Search code examples
javaxmlxml-parsingjackson-databindjackson-dataformat-xml

JacksonXML - Deserialize XML Comments <!-- -->


The closest question I can find currently is this which has no conclusive answer:

I am trying to parse XML comments and map it to certain fields in Java.

Below was a simple POC I did in attempt to get this to work.

My current XML model looks something like this:

<Model>
    <!--
    ** some comment here
    -->
    <Value1>foo</Value1>
    <!--
    ** another comment here
    -->
    <Value2>bar</Value2>
</Model>

I have defined my Java model like so:

@JacksonXmlRootElement(localName= "Model")
@JsonDeserialize(using = CustomDeserializer.class)
final class ModelFile {

    @JacksonXmlProperty(localName = "value1")
    private String value1;

    @JacksonXmlProperty(localName = "value2")
    private String value2;

    private List<String> comments;

    // Getters and Setters
}

And my CustomDeserializer like so (Else If statement will not work, this is the part im trying to get working):

public class CustomDeserializerextends JsonDeserializer<ModelFile> {

    @Override
    public ModelFiledeserialize(JsonParser p, DeserializationContext ctxt) throws IOException {
        List<String> comments = new ArrayList<>();
        ModelFile sample = new ModelFile();
        while (p.nextToken() != JsonToken.END_OBJECT) {
            if (p.getCurrentToken() == JsonToken.FIELD_NAME) {
                String fieldName = p.getCurrentName();
                p.nextToken();
                if (fieldName.equals("value1")) {
                    sample.setValue1(p.getText());
                } else if (fieldName.equals("value2")){
                    sample.setValue2(p.getText());
                }
            } else if (p.getText().equals("<!--")) {
                p.nextToken();
                comments.add(p.getText());
                p.nextToken();
            }
        }
        sample.setComments(comments);
        return sample;
    }
}

And finally a sample test to test it's functionality:

@Test
    public void testDeserializeWithCommentsAsList() throws Exception {
        String xml = 
                "<model>\n" +
                "  <!--\n" +
                "  this is a comment \n" +
                "  -->\n" +
                "  <value1>foo</value1>\n" +
                "  <!--\n" +
                "  Another comment \n" +
                "  -->\n" +
                "  <value2>bar</value2>\n" +
                "</yourclass>";
        XmlMapper xmlMapper = new XmlMapper();

        YourClass yourClass = xmlMapper.readValue(xml, Model.class);
        List<String> comments = yourClass.getComments();
        assertNotNull(comments);
        assertEquals(2, comments.size());
        assertEquals("this is a comment", comments.get(0));
        assertEquals("Another comment", comments.get(1));
    }

The problem as I understand it is the CustomDeserializer seems to recognize both value1 and value2 as valid fields allowing me to later map the fields directly. XML Comments however are not recognized at all.

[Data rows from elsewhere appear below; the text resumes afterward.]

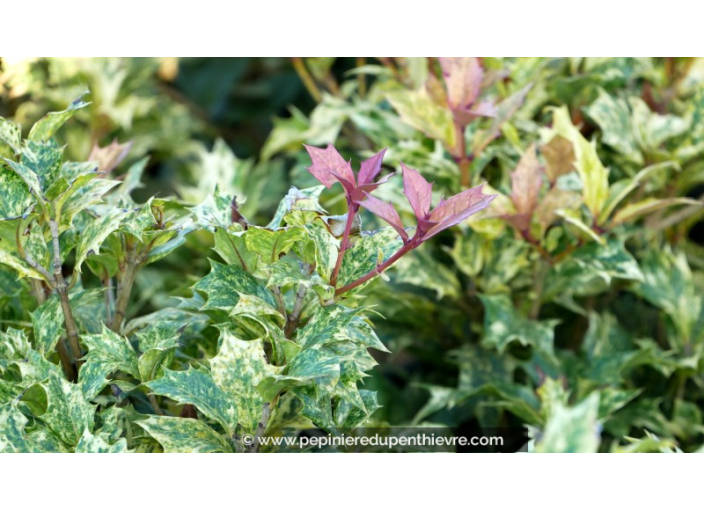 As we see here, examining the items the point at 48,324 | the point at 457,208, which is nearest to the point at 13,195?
the point at 48,324

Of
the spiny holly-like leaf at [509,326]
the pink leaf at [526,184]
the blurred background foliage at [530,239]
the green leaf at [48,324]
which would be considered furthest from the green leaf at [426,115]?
the green leaf at [48,324]

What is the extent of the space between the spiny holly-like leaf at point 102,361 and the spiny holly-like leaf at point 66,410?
0.01m

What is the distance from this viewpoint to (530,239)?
1083 millimetres

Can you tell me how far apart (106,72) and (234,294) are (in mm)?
1037

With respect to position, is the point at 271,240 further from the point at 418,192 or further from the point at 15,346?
the point at 15,346

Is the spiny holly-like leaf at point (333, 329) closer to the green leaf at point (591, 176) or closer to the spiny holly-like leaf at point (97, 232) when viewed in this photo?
the spiny holly-like leaf at point (97, 232)

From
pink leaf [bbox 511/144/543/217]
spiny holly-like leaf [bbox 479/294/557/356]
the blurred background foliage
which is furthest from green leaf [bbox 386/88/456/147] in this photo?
spiny holly-like leaf [bbox 479/294/557/356]

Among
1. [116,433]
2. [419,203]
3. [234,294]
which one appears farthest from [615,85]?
[116,433]

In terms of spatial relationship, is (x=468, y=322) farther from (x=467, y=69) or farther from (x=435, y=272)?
(x=467, y=69)

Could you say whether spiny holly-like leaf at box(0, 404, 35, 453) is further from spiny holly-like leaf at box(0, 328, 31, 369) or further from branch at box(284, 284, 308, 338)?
branch at box(284, 284, 308, 338)

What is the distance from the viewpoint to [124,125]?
5.10 feet

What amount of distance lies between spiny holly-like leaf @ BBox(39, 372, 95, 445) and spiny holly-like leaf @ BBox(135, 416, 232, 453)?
6 cm

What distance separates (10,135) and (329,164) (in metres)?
0.38

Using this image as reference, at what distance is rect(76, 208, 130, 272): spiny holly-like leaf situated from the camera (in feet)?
2.52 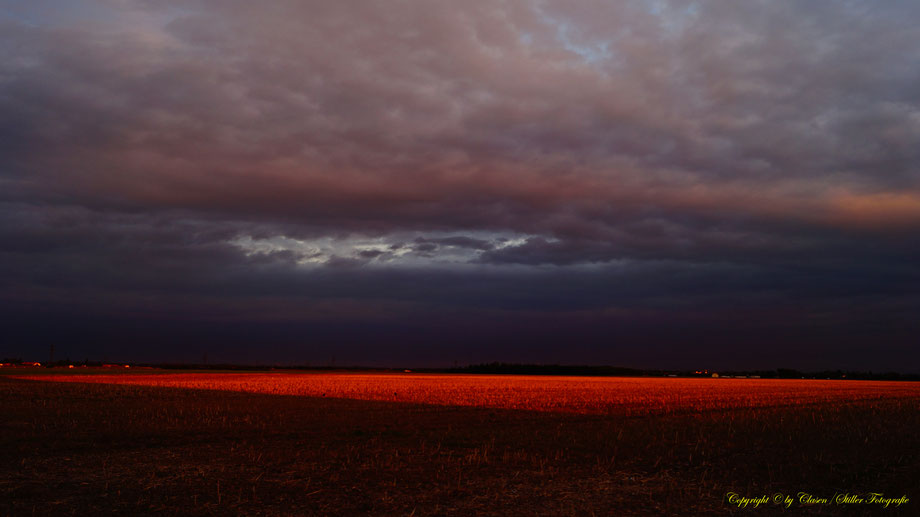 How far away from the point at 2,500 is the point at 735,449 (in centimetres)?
Answer: 1969

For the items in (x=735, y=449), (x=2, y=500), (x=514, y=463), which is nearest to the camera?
(x=2, y=500)

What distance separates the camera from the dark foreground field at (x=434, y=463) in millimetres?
12992

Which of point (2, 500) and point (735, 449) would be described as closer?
point (2, 500)

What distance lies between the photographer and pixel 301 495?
13469mm

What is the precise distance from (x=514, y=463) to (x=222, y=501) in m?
7.89

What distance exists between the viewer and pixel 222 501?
1285 centimetres

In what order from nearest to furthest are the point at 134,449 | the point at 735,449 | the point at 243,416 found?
the point at 134,449
the point at 735,449
the point at 243,416

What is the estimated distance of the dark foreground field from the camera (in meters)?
13.0

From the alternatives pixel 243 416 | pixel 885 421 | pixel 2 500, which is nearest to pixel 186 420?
pixel 243 416

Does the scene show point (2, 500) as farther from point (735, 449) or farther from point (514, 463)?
point (735, 449)

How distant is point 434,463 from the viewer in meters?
17.3

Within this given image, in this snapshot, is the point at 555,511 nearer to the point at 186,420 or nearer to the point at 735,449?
the point at 735,449

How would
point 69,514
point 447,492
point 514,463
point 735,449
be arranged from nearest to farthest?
point 69,514
point 447,492
point 514,463
point 735,449

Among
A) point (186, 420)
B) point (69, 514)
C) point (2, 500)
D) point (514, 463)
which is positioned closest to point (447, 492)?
point (514, 463) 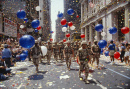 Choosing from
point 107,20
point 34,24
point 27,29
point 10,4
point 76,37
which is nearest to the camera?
point 34,24

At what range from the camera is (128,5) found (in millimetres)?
18281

I say XML Comments specifically because if I change this to a more standard comment type such as this:

    "<model>\n" +
    "  // this is a comment \n" +
    "  <value1>foo</value1>\n" +
    "  // another comment \n" +
    "  <value2>bar</value2>\n" +
    "</yourclass>";

Then the JsonParser in the CustomDeserializer will pick up the comments. Looking further into Jsonparser I see Features that can be enabled namely ALLOW_COMMENTS which does recognize typical Java/C++ comments or ALLOW_COMMENTS_YAML which looks specifically for # type comments.

https://fasterxml.github.io/jackson-core/javadoc/2.8/com/fasterxml/jackson/core/JsonParser.Feature.html#ALLOW_COMMENTS

My guess is considering JacksonXML extends of JSON and typically comments are not supported in JSON, this is not really viable? Considering that it could technically work for // type comments, I feel like im really close to getting this to work.

The question for this would be: How do I handle <!-- --> type comments in XMLs while using jackson-databind-xml to deserialize it into POJO?

Any idea or suggestions are welcomed.


Solution

  • Ultimately, no this cannot be done it seems. Adding a @JsonDeserializer on the root Object and then having a look at the Jsonparser that is being used revealed that by the time JacksonXML attempts to process the XML, all traces of the comments has been removed (Specifically again <!-- --> type comments!)

    The alternative solution I did, which was suggested by user LMC was to read the xml as a stream and look for events that are Comment type. I would then take the comment and push it into a List which is eventually returned.

    Really not ideal as the XML is being read twice (Once for Jackson Mapping and once more to collect the comments) however for my scenario we've decided to go that way as the performance reading it twice vs once is negligible and to read and manually populate my business object without Jackson would take a lot of time to implement.